先日読んだ名作
サマセット・モーム『人間の絆』の
読書会でした!
モームといえば
『月と六ペンス』と思っていたのですが
『人間の絆』もめちゃくちゃ良作で
長いけれど本当に読んでよかった!!
と改めて思いました。
読書会メンバーにも
「読書会がなかったら手に取らなかったから
読めてよかった!!」と言われて
嬉しくてほくほくしました(^ω^)
読書会では感想をシェアしながら
疑問点を語り合い。
なぜ「人間の絆」というタイトルなのか、
というところがいちばんの疑問でした。
「絆」というと
アツい友情!ズッ友!というイメージが
あるのですが(私だけ?笑)
この作品は
主人公フィリップの内省的な語りが多く
「絆」をメインに描いているようには
思えなかったからです。
ですが「絆」という言葉を調べると
切っても切れない人のつながり
という、離れようにも離れられない
粘着質な意味があり、
そういう意味で「人間の絆」を解釈すると
たくさんの人に影響されて
たくさん惑わされるフィリップの物語に
このタイトルはすごくしっくりくる!と
納得しました。
フィリップへの共感ポイントが
読んだ人それぞれ違っていたのも
印象深かったです。
フィリップの幼少期、青年期、
恋愛にぞっこん期、
怒涛の展開で底に突き落とされる期など
フィリップの半生がとても細かく
描き込まれているので
読み手が育った環境、経験を
物語に投影しやすく
「そこが共感ポイントなんだ…!」
と語り合うことで
改めて物語を味わい尽くすことができました。
(長いので、細かいシーンを忘れてしまうのですが
みんなで語り合うことで思い出して
「ああ!あのシーンあったね」と
思い返すことができました)
読了する良い機会になり
感想を語り合うことで
さらに物語を味わい尽くせるこの作品は
まさに読書会にぴったりな作品でした。
『人間の絆』の感想について
読書会を通して改めて思ったのは
きっと人生に意味とか
使命みたいなものはなくて
だからこそ
人と人のつながりを通して
自分で人生を意味づけしていくことが
大事なのではないか
ということです。
↑のことは
自分の誕生日に
ふと思い浮かんだこと
なんですが
誕生日って自然にハッピーな日になる!
ってわけでもなくて
祝ってくれる人がいる
祝いたい人がいるからこそ
その日が特別な日に思えるんだなぁと
しみじみ思いまして。
子どもを産んで
誕生日だけじゃない特別な日が
どんどん増えているのですが
この作品を読んで
きっとこれが人生を意味づけする
ということなんだろうと
改めて思わされたのです。
それから
愛とお金はめっちゃ大事だ
ということも
当たり前ながらこの物語を読んで
噛み締めました。

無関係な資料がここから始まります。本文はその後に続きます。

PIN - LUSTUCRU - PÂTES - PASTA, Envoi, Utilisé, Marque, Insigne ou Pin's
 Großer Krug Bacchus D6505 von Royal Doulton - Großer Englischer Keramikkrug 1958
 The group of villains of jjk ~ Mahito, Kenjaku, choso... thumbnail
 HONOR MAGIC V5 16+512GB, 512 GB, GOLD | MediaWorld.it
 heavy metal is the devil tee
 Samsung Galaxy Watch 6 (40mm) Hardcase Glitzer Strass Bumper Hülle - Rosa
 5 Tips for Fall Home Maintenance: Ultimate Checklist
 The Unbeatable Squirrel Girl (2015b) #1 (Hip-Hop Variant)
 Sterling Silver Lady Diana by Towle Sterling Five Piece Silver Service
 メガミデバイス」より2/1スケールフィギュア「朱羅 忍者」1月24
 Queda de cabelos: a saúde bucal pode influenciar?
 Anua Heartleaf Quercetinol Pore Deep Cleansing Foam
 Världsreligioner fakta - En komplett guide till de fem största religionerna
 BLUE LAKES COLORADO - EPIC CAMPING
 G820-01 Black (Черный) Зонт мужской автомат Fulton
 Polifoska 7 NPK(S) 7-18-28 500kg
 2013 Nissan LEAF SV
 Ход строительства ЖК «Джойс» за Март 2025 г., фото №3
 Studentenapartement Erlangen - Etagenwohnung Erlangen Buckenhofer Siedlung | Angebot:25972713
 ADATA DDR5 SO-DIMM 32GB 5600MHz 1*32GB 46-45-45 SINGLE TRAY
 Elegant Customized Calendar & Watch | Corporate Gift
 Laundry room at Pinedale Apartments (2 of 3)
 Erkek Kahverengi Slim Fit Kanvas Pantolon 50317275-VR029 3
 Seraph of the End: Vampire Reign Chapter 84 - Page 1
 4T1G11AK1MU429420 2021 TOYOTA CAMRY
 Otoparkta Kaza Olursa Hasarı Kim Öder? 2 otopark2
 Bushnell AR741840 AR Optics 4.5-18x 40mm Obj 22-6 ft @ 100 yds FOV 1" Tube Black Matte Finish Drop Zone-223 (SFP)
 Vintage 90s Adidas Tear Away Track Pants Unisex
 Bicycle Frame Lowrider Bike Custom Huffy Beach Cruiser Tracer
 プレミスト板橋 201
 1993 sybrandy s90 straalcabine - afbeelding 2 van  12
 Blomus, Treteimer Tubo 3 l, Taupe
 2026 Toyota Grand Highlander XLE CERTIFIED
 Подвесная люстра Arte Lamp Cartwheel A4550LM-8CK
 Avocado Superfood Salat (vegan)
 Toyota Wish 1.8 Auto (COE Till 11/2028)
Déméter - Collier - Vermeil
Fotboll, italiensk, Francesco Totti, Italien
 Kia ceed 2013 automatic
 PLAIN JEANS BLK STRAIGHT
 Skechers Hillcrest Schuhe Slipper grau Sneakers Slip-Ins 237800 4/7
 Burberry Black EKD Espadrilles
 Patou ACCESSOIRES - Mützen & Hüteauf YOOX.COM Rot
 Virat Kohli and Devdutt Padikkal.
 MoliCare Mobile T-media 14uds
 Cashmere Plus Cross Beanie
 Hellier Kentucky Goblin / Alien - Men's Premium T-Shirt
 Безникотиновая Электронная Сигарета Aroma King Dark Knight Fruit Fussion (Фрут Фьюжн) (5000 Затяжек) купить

笑
幼くして両親を亡くした
フィリップの孤独と
人間関係をこじらせる様、
大人になってから
お金を失い困窮し
視野が狭くなり
心が荒んでいく様が
とてもリアルで胸が痛くて。
夢を抱いて何度も
挑戦するフィリップですが
夢と同じくらい
「愛されたい」という思いも
強かったのではないか…
ずっとさみしかったのではないか…と
想像をふくらませました。
人間とは何か
人生とは何か
100年前も
そのもっと前の時代も
人はきっと同じことで悩み
苦しみ、もがきながら
自分にしっくりくる答えに
たどり着いているのだと思います。
みんなずっと昔から
同じことで悩んでるなんて
進歩がないように感じますが
逆に考えて、時を経ても
変わらないものがあるということに
なんかちょっとホッとしました。
何かしら悩みながら生きることこそ
人間の使命かもしれないですね。